Looking for young talent

How well the scene in Nazareth is now networked can be seen at the "Nazareth Innovation Night", a meeting for web designers and coders in a luxury hotel in the city. The event is organized by Tsofen. The organization was founded in 2008 by Jewish and Arab Israelis with the aim of integrating more Arab developers into Israel's high-tech sector.

One of the participants is Shaden Hakim. The 27-year-old web designer comes from Nazareth and programs user interfaces for the Israeli IT group Amdocs. The company has offices in Nazareth, within walking distance of Hakim's home. She thinks it's good that more and more software companies are coming to Nazareth: "We have a lot of talent here in Nazareth. If the IT companies are now in the vicinity, then that encourages even more young Arab Israelis to go into the sector." Hakim is a Christian and went to a Catholic private school.

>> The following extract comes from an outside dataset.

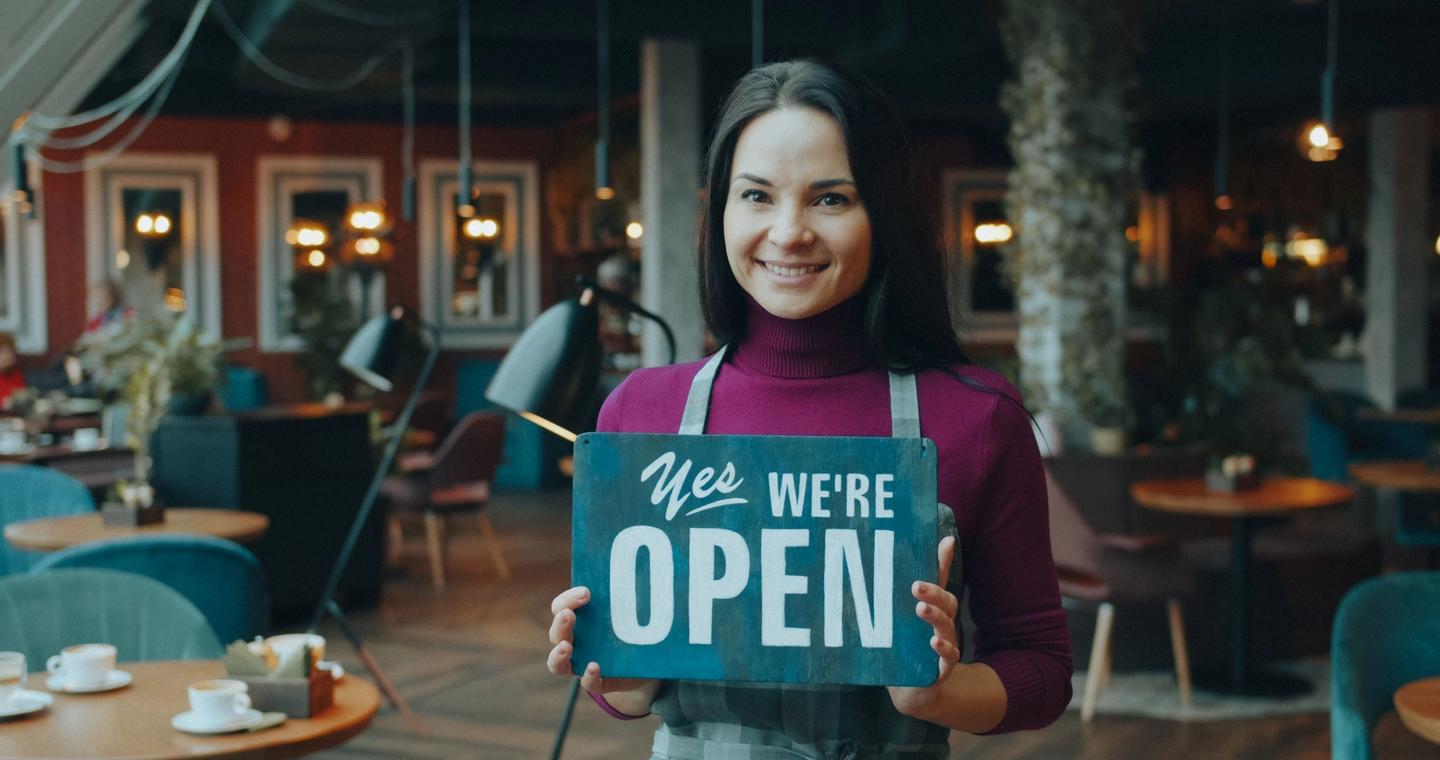 A woman holds an open sign inside a cafe.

Like many other developers, she wants to live close to her family and speak her native language at work. In the companies in Tel Aviv or Haifa, that's not always possible, she says. And: Other young Arab women also work in her company, which is still rare: "I knew practically nobody from my environment who works in this area. So that was something completely new for me. Also as a woman."

Women, Arabs and ultra-Orthodox Jews underrepresented

According to the Economics Ministry, women, Arabs and even ultra-Orthodox Jews are still underrepresented in the IT industry. Targeted support in schools and special regions such as around Nazareth is also beneficial for the state, says IT expert Shakour. "It's a win-win situation: the tech industry gets more workers to grow, the young people don't have to go away to study high-tech, science and engineering. And the region benefits from well-paying jobs. "

The company AlphaOmega shows that start-ups from Nazareth can also make it big. The company manufactures medical devices for measuring brain waves. AlphaOmega now has 150 employees; mostly Christian and Muslim Arabs, but also Jews work at the company headquarters near Nazareth.

The Christian-Arab electrical engineer Imad Younis repeatedly applied unsuccessfully to the Jewish-Israeli company after completing his studies. At the time, most tech companies were dealing with orders from the armaments industry, and as a young Arab-Israeli engineer, he says he didn't stand a chance. Without further ado, Younis founded a start-up himself. He and his wife developed the prototype for diagnosing diseased areas of the brain 30 years ago.

Today, his instruments are used in brain surgeries in more than 600 hospitals worldwide. Younis is pleased that more and more Arab specialists are now finding a place in Israel's booming IT industry: "The world is moving forward and the Arab-Israeli population is a bit behind, so we have to try harder and catch up in order to to be part of the sector."